Assigned task: Produce an exact copy of all the data below, dropping every image.

Material provided:
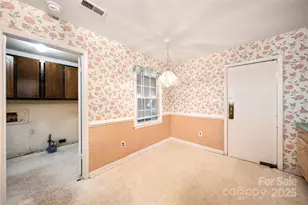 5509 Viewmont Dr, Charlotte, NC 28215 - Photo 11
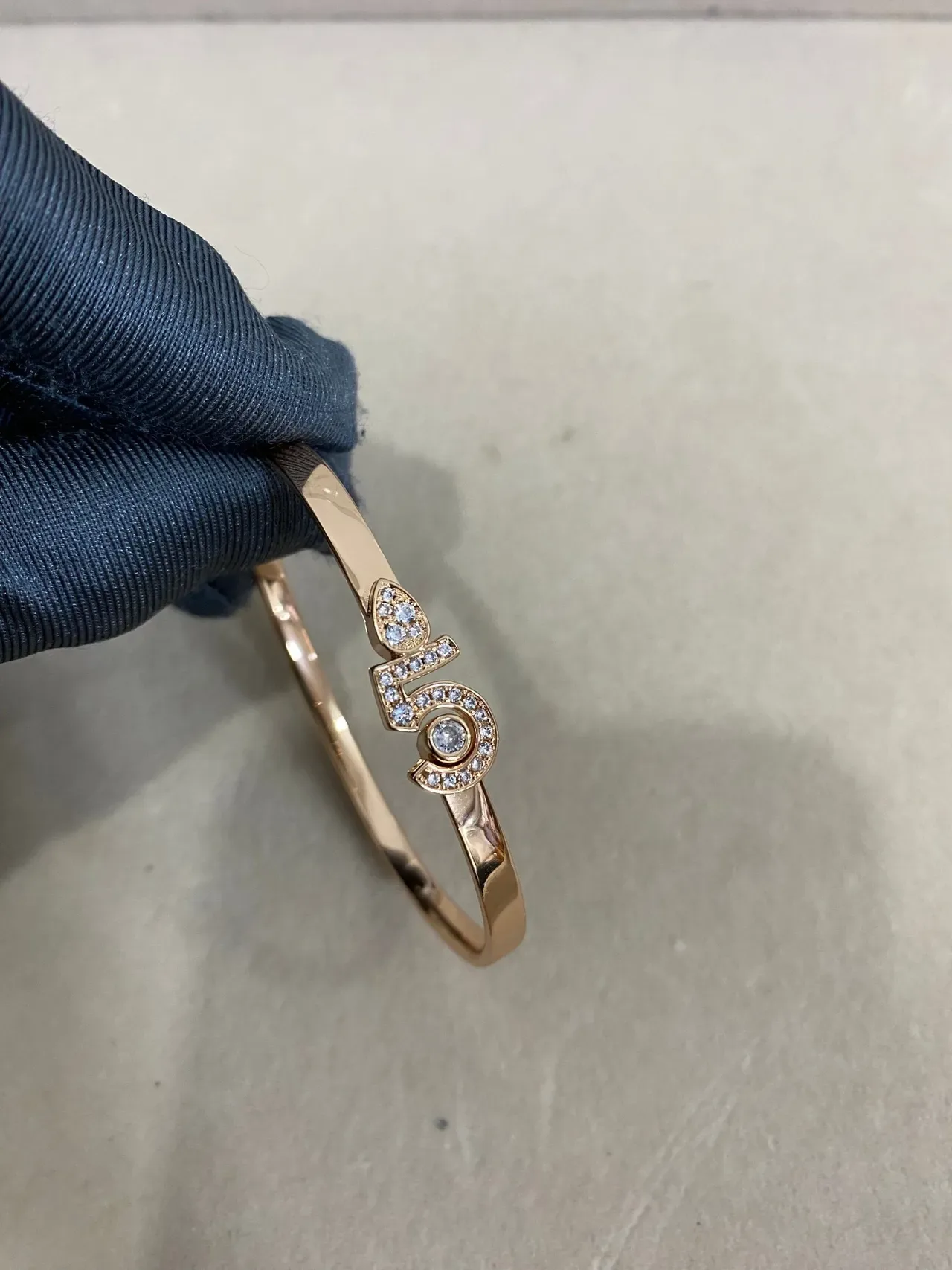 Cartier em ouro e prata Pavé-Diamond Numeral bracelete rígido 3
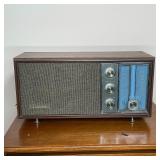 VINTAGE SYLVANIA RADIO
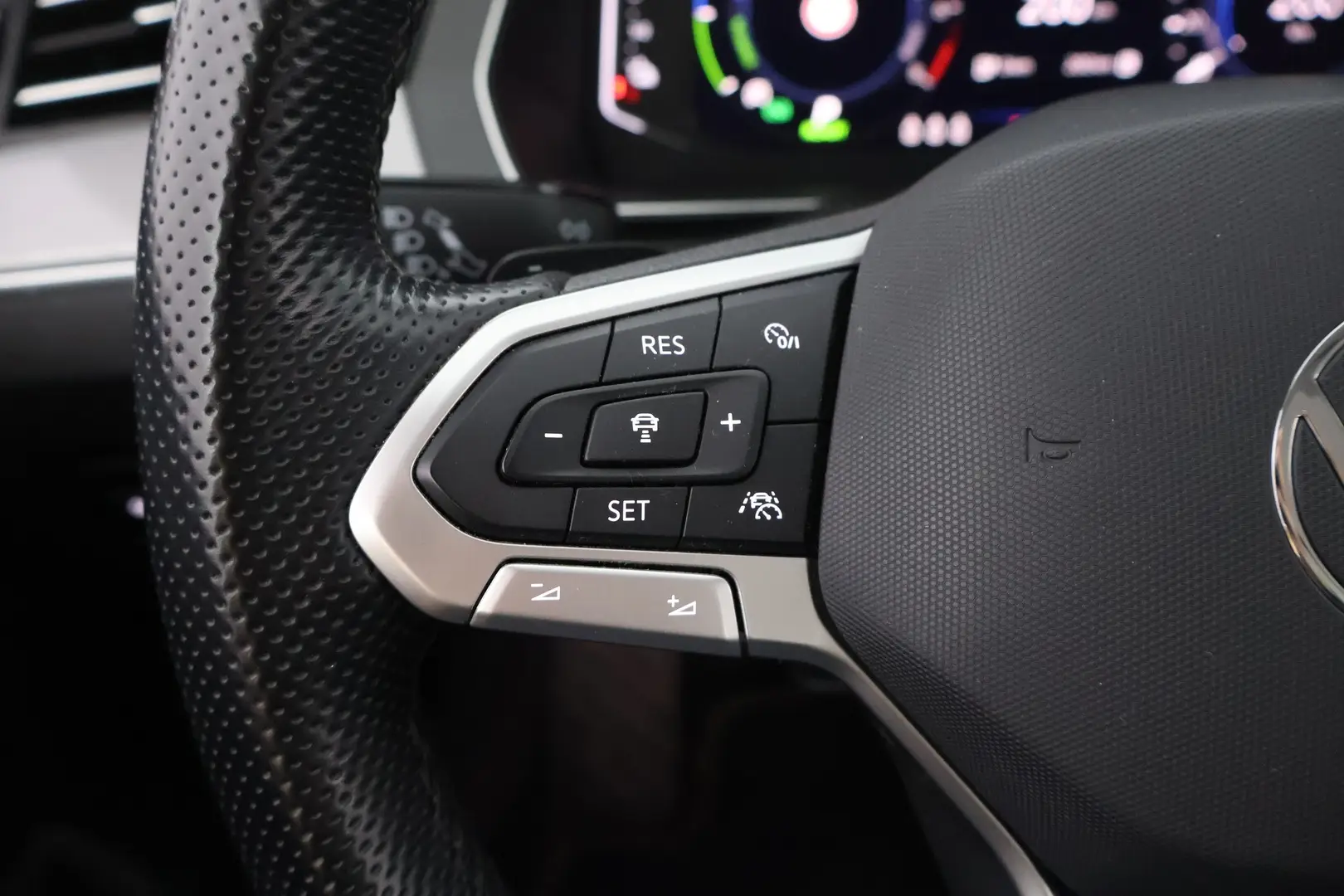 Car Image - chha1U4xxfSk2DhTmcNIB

Answer to this task:
 5509 Viewmont Dr, Charlotte, NC 28215 - Photo 11
 Cartier em ouro e prata Pavé-Diamond Numeral bracelete rígido 3
 VINTAGE SYLVANIA RADIO
 Car Image - chha1U4xxfSk2DhTmcNIB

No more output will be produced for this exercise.